A single pollera can cost from several hundred to several thousand dollars and take up to a year or two to create, depending on its complexity. Gold and pearl jewelry such as mosquetas (made up of concentric, alternating circles), combs, collars and tembleques (hair jewelry in the shape of three-dimensional flowers or insects such as butterflies) that may be worn with a pollera, are generally passed down as heirlooms through generations.

Panamanian polleras are made up of an upper and lower section, the latter of which is the skirt of the pollera.

The adornments are embroidery or needlework on the skirt and upper part that are sewn entirely by hand in several steps that progressively build the desired effect. Each pollera is custom-made and handmade by an artisan. 

There are several kinds of Panamanian polleras, each of which may vary by region, such as:

Pollera montuna, which was originally used in community events and festivals. It is moderately elaborate, with adornments.
Pollera de lujo or de gala con labor (meaning luxurious, for events considered to be prestigious, with needlework), a very intricate, complex and expensive pollera, with a price of up to 25,600 USD
Pollera de gala sin labor (intended for events considered to be prestigious, without needlework), which is accessorized according to region
Pollera tumba hombre (meaning (capable of) fainting a man), which has narrow vertical alternating colored stripes on the skirt
Pollera congo, symbolic of the large population of African descent in Panama, with a skirt and upper part made from strategically arranged fabric scraps sewn together, occasionally worn with a crown.
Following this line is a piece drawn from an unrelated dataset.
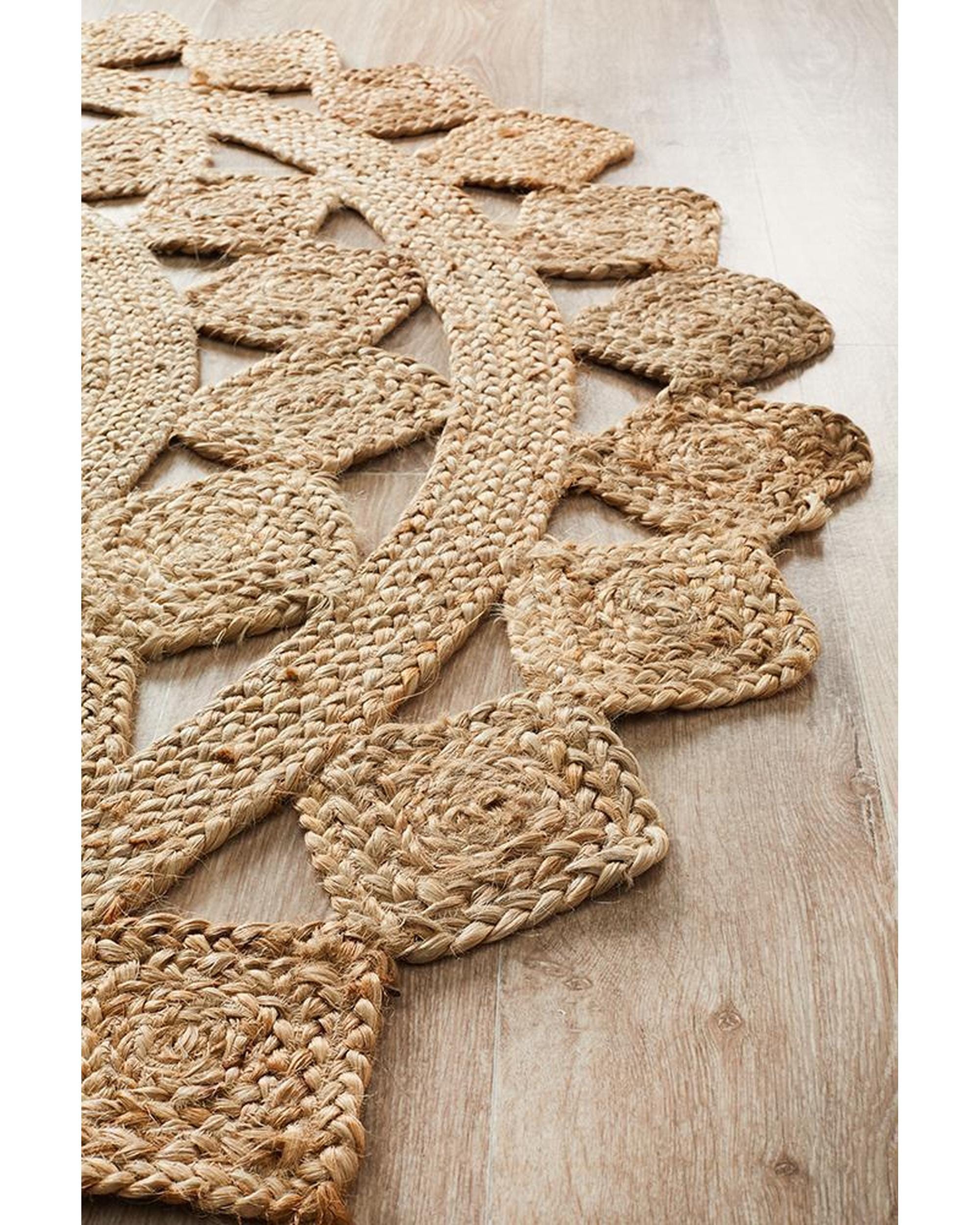 Rug Culture Rugs Atrium Tessellate Natural Rug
This is the only type of pollera that doesn't normally have white as its dominant color, and is normally worn with flowers that are fresh, dried or artificial in place of jewelry, together with collars made of materials other than gold.
Pollera de basquiña, with a much narrower skirt and a plain upper part, made from cloth and buttons considered to be luxurious such as gold buttons

On 22 July of every year there is a pollera festival.

Bolivia and Peru

In Bolivia and Peru the word pollera denotes a pleated skirt very much associated with the urban mestizo and the rural indigenous classes where women usually wear this garment (nowadays also instead of the woven indigenous dresses). The urban pollera typical of the Bolivian altiplano should be made of 8 meters of cloth and it is worn with 4-5 embroidered underskirts.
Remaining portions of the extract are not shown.